Health (which includes stamina) is different, it deals with enduring
fatigue, helps determine how fast you can run, and is important in figuring
out how fast you can recover from injury (healing rates, in other words).
This is based on the fact that many healthy people often do not have a
massive physique corresponding to their high stamina - they've built up
their aerobic capacity more fully than their physique.

Folks, does this make sense? ***Throw me friggen BONE here, people!*** Is
what I'm saying really all that hard to comprehend? To me its just simple,
undeniable, REALITY. Are there factual errors in what I have stated?

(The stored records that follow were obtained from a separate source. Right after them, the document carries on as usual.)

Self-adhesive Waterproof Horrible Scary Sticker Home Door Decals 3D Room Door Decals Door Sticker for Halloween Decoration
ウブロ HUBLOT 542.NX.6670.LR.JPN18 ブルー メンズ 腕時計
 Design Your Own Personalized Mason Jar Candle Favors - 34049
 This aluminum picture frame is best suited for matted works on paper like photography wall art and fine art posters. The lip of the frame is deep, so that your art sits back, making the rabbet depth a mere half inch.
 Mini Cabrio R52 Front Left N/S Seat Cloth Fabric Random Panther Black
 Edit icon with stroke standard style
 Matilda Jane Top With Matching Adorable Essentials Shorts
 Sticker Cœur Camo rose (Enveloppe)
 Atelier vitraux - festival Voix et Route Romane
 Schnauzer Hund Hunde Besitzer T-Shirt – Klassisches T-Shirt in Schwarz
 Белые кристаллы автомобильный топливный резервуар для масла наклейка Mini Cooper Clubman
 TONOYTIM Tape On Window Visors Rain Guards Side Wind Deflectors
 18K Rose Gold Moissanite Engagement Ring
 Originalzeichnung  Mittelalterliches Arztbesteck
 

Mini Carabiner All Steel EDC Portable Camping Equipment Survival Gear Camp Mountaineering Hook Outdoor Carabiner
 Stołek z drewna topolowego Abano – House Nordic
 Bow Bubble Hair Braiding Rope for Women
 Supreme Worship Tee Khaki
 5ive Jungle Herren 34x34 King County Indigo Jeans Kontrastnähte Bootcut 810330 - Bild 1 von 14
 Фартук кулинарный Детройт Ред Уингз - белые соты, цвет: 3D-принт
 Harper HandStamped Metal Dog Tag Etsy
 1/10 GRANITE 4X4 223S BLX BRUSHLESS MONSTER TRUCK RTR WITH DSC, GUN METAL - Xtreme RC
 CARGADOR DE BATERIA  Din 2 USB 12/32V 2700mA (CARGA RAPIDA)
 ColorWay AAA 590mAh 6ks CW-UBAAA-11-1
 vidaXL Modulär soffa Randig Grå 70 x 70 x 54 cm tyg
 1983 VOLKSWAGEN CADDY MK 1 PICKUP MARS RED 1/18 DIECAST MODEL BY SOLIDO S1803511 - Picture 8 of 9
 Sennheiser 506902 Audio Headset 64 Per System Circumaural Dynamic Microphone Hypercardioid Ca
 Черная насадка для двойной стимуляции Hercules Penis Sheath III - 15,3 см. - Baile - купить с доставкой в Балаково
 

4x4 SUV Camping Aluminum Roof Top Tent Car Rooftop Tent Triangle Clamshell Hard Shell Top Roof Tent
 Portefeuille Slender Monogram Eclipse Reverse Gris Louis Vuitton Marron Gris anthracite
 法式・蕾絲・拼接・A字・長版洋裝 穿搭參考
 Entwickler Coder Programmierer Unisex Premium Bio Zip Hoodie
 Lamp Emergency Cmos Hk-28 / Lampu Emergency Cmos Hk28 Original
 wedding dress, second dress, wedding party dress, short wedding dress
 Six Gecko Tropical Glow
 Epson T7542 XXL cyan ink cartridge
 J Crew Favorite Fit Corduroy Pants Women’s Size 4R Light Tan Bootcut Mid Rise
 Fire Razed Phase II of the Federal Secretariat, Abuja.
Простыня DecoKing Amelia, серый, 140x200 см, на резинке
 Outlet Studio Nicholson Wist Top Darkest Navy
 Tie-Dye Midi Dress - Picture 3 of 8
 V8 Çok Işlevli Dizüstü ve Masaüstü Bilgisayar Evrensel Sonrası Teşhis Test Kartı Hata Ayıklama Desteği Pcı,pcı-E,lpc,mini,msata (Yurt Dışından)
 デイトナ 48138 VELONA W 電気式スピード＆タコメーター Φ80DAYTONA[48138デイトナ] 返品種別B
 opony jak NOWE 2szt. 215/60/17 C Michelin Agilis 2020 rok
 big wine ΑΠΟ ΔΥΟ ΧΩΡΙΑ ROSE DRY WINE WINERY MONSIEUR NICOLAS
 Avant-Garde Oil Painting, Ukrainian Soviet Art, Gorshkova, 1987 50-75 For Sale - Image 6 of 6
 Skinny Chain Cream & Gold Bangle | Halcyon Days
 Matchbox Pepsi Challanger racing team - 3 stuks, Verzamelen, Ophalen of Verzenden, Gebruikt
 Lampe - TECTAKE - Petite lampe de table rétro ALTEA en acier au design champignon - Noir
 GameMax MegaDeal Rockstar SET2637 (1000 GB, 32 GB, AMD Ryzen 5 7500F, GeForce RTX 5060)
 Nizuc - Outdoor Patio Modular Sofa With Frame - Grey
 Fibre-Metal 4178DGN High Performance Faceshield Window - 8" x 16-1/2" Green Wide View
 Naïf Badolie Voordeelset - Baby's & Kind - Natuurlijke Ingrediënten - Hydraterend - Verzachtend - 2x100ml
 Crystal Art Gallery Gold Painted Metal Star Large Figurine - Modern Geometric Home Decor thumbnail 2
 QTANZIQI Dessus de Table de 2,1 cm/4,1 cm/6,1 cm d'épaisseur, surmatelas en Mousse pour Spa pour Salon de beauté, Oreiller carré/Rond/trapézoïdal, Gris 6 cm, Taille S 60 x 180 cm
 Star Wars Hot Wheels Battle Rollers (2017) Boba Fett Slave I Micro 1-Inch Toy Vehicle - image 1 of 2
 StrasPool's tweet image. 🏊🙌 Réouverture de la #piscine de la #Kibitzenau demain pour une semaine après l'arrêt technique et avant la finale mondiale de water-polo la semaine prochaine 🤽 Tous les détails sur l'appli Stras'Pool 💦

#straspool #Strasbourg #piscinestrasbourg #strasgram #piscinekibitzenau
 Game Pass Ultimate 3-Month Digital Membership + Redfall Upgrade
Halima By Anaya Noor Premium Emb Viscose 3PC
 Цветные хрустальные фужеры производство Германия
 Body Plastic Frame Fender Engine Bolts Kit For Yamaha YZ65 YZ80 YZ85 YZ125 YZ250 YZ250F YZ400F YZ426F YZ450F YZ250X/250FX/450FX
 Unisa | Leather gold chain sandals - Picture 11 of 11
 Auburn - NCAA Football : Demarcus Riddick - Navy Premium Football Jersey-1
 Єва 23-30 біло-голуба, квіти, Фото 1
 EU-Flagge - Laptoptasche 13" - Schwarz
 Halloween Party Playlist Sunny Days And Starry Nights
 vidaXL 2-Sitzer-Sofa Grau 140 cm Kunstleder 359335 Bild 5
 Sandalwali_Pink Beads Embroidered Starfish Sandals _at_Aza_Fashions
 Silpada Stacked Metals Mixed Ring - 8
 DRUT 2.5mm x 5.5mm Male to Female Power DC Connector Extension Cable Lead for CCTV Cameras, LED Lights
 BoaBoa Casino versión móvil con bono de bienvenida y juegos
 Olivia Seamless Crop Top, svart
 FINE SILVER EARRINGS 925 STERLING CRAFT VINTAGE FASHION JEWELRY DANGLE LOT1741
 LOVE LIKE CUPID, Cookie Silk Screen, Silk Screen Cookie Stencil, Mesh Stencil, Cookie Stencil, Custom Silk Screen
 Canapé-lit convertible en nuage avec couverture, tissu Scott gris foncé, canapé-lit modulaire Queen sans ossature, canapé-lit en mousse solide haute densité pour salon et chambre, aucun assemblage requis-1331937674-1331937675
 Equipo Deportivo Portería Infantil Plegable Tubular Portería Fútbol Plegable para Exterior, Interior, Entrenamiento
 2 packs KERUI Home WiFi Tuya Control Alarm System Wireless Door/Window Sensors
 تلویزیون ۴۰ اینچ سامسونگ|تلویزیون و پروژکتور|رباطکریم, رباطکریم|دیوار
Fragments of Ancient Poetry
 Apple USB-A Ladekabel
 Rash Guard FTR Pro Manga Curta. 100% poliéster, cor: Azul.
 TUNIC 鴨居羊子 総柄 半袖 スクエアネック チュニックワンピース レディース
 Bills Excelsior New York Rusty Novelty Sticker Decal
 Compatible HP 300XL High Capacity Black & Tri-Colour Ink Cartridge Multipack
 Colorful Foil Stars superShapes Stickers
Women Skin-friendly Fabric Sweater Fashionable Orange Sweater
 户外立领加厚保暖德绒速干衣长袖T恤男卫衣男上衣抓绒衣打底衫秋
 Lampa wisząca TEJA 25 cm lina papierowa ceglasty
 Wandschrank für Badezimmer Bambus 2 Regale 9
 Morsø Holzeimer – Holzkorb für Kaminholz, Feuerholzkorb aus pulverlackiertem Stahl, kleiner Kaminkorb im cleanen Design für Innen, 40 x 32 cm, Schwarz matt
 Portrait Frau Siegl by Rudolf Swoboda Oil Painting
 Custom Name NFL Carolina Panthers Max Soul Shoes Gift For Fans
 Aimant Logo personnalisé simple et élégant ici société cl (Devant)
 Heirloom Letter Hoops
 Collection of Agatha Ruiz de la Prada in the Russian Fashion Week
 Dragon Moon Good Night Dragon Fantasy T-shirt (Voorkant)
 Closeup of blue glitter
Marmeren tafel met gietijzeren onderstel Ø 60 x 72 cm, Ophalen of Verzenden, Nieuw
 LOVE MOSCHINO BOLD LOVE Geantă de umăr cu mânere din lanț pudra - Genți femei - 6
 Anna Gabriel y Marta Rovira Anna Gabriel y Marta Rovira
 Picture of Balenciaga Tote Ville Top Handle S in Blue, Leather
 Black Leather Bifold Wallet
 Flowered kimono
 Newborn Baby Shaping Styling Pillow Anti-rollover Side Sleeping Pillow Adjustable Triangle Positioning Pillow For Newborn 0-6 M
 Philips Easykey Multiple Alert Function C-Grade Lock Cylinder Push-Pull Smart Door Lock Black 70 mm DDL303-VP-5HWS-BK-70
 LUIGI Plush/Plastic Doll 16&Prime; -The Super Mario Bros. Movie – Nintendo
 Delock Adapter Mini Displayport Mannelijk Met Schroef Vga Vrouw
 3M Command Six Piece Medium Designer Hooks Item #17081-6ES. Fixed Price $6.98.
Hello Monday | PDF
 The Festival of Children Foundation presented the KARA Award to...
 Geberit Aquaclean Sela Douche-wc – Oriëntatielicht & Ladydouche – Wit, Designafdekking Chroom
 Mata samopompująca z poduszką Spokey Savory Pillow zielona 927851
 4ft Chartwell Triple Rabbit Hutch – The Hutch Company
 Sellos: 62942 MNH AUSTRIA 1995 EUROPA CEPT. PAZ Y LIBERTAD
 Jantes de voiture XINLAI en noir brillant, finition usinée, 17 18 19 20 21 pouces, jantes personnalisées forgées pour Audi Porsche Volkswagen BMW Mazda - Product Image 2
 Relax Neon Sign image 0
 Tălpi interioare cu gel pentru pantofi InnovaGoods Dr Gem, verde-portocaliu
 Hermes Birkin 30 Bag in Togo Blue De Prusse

Now, this is separate from the issue of whether or not one wants to
INCORPORATE such rules into the game. While I don't see it as being nearly
so complicated as people seem to think (i.e. if you can figure out adjST,
this is not all that much harder) I can see folks NOT using it for a variety
of very good reasons. While it does not horribly alter the mechanics of game
play (just changes what you roll against and wound recovery, along with the
fatigue rules) it does take a little work to weave in. Note that contrary to
popular belief, it does NOT turn TFT into GURPS - the underlying mechanics
and principles of TFT are unchanged. Only the details have shifted slightly.
And as I've stated for about the billioneth time, this suggestion is geared
more for those who want to tie up loose ends and logic holes - if you think
its too much trouble, THEN DON'T USE IT! Simple solution to a non-existent

I swear if this sort of thing keeps up, I'm going to have to go around with
my mace and start ***beating*** this last concept into people's skulls...

"When Mr. Bigglesworth gets upset, people ***DIE***!!!!!